Data extract

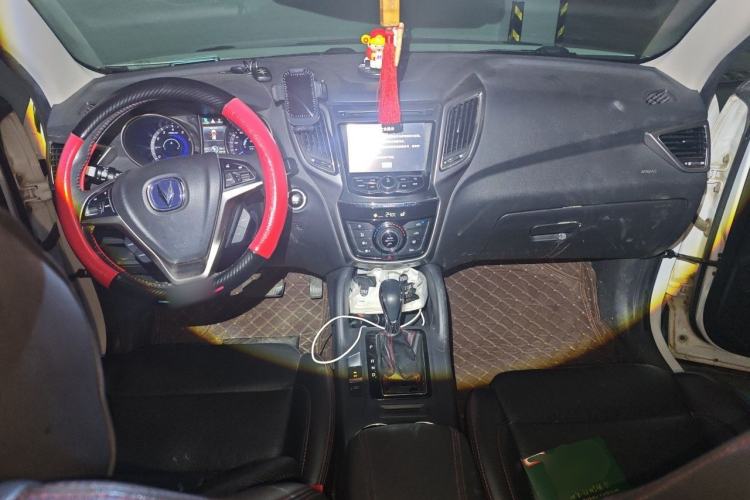 Used CHANGAN CS75 2014 1.8T Automatic Elite Model China IV Standard Center Console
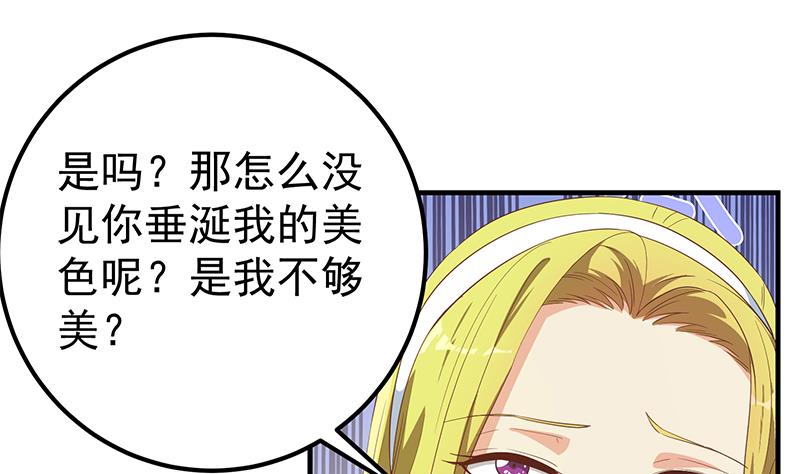 都是黑丝惹的祸韩漫全集-第二季 第266话 曲惊四座！无删减无遮挡章节图片 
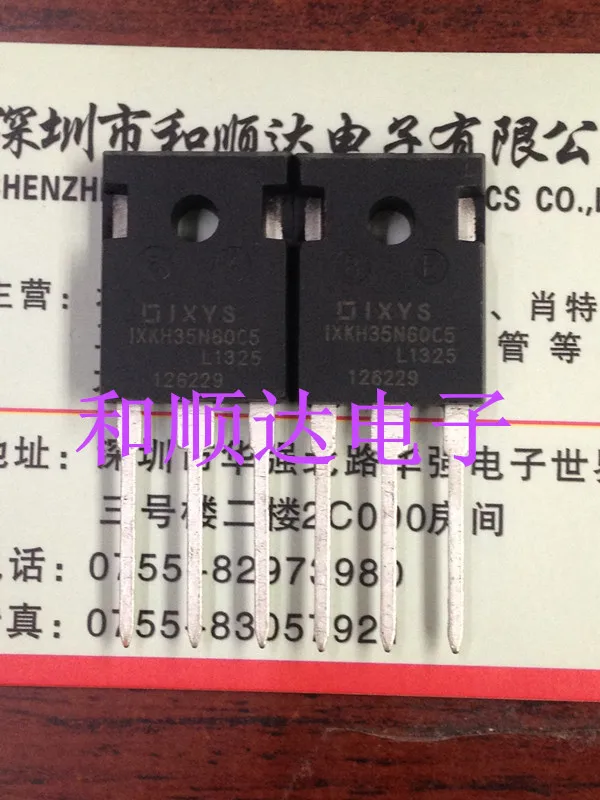 5 шт./лот IXKH35N60C5 TO-247 
5 шт./лот IXKH35N60C5 TO-247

Goal of the exercise
Across the whole listing above, repeat each line exactly and leave out the images.

Result
 Used CHANGAN CS75 2014 1.8T Automatic Elite Model China IV Standard Center Console
 都是黑丝惹的祸韩漫全集-第二季 第266话 曲惊四座！无删减无遮挡章节图片 
 5 шт./лот IXKH35N60C5 TO-247 
5 шт./лот IXKH35N60C5 TO-247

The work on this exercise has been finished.